I’ve read enough about neuroscience and aging to know that occasional forgetfulness is normal for someone in their late fifties. (When you have a parent with Alzheimer’s, as I do, you tend to read a lot on the subject.) But I think at its core, something else is going on.
When I forget where I park my car, it means I was not at all present to the moment when I parked it. Instead, I was focused on the meeting ahead, and/or about being on time to my meeting. But whatever I was focused on, it was NOT on where I was parking my car, and thinking ahead that I would have to return to it later.
So many of us today are habitually disconnected from our moment-to-moment experience. Like when I drive a long distance and have no recollection of the miles along the way. Or when someone asks me what I did yesterday, and I can’t remember. Or when I’m multitasking on my phone while walking to a meeting, only partially aware of where I am and what dangers and opportunities surround me.
Happily, I have another activity in my life that feels like an antidote to disconnection. For the last 12 months, I’ve been practicing yoga three times per week. I started last spring when I was on sabbatical. In my yoga class, we meet for 90 minutes. For 60 minutes, we do the typical yoga postures, and for 30 minutes we do some combination of breathing, meditating and chanting. But for all of it, I am truly present to myself, and also to my body.
Yoga has had a powerful effect on me. First of all, I am much more conscious of what’s going on in my body – where there is an unexplained tightness, an imbalance between one side and the other, or where there is a muscle pull that needs attention. All these are early-warning-signals, and I am more likely now to attend to areas that need some TLC or self-treatment before they get out of hand. It’s been quite a while since I’ve had to go to a physical therapist.
And I notice when I emerge from yoga class, that I am much more present than normal. I hear the birds chirping, I notice what is budding on the trees, and I never, ever have to think about where I parked my car.
We practiced many things in Courage to Lead to cultivate presence – journaling, witnessing nature, listening without responding or fixing, silence, labyrinth walking, yoga, meditation, and more. Our Courage to Lead retreats slowed us down and invited us into a different way of being attentive to ourselves and others.

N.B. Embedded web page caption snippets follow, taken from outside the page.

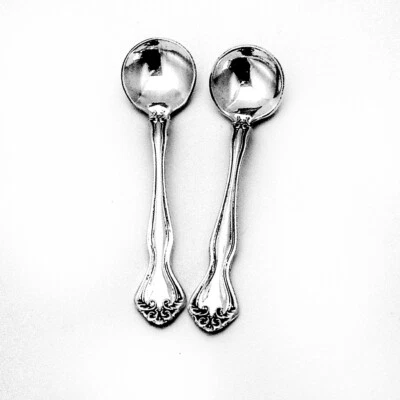 Par de cucharas de sal individuales George Martha Westmorland plata de ley 1940 Foto 1 de 3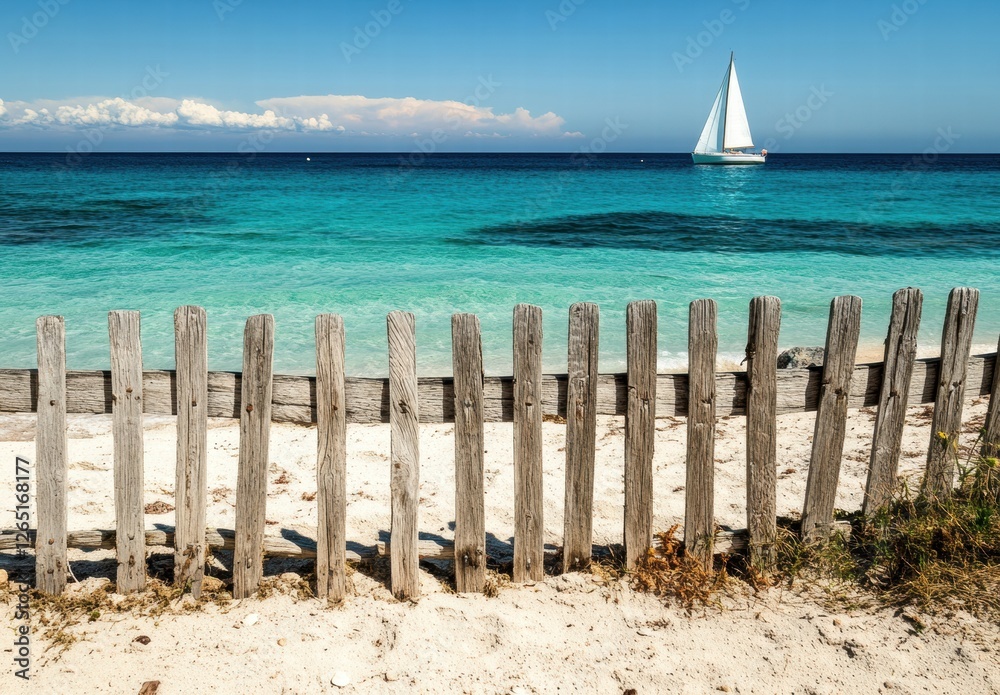 Fototapeta premium A wooden fence is on the beach next to the ocean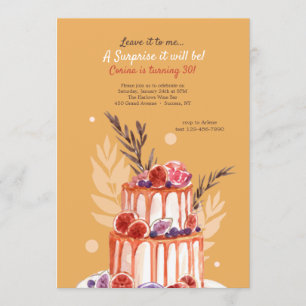 Invitations à la fête d'anniversaire du gâteau sur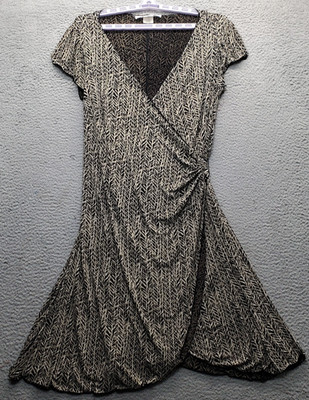 Max Studio Wrap Dress Womens 3X Multi Stretch Cap-Sleeve Side Ruched Made USA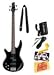 Ibanez GSR200L GSR Series Left-Handed Electric Bass Guitar Bundle with Tuner, 10-Foot Instrument Cable, Strap, Pick Card, String Winder, and Polishing Cloth - Black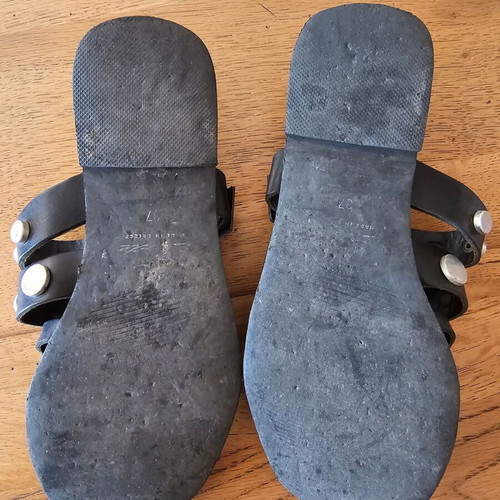 Sante women's sandals used, genuine leather, black, size 37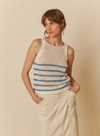 Knit Jersey Top in Cream & Indigo Blue from Indi & Cold
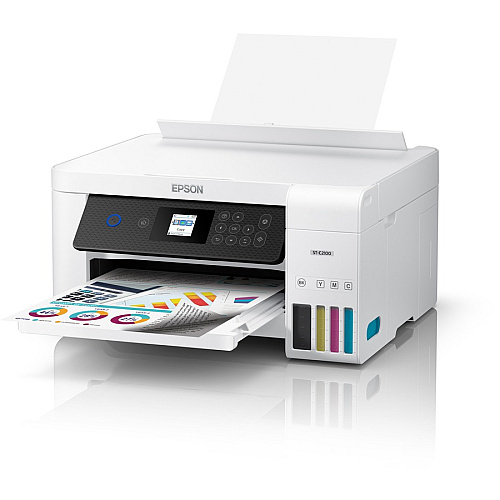 Epson WorkForce ST-C2100 Wireless Inkjet Multifunction Printer - Color Copier/Printer/Scanner - 5760 x 1440 dpi class - Automatic Duplex Print - Up to 3000 Pages Monthly - 100 sheets Input - Color Flatbed Scanner - 1200 dpi Optical Scan - Wir (C11CJ63203)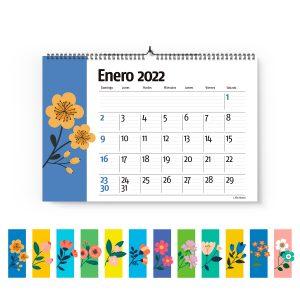 CALENDARIO PLANNER MENSUAL 12 HS 40 X 30 CM FLORES 40MF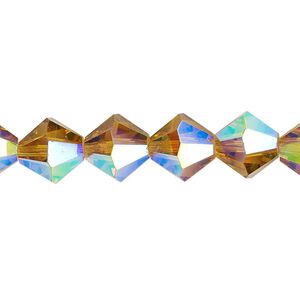 Bead 1pk translucent gold AB, Celestial Crystal® 10mm bicone 8 inch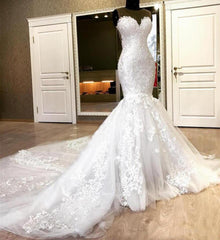 Wedding Dress For Bride And Groom, Mermaid Sweetheart Long Train Tulle Crochet Flower Wedding Dress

This “finding my car” problem feels like an invitation I’m receiving to redesign how I head to meetings, and in a way that brings more of those qualities of presence to my day-to-day life. I can imagine this new practice might include:
1) Be like Ernesto – CTL alum Ernesto Paredes has a saying — “Early is on time, on time is late, and late is unacceptable.” My practice has been to time everything so I arrive where I’m going exactly on time. This adds unnecessary stress, and causes me to rush and not be fully present. Instead, I’m going to try to be more like Ernesto, and make a habit out of arriving early.
2) Parking Presence Practice – When I park, it’s an opportunity for me to cultivate a moment of presence. Where am I? What is going on around me? How am I feeling, physically and emotionally? What’s going on in the natural world around me? Breathe deeply, check in with myself and my surroundings, take a mental picture of where I am, and then head on to my meeting.
I can imagine this change in practice may well have material collateral benefits in terms of the quality of the presence I bring to each of my interactions. And I’ll find my car right after meetings, and spend less time feeling like an idiot. That sounds like a win to me!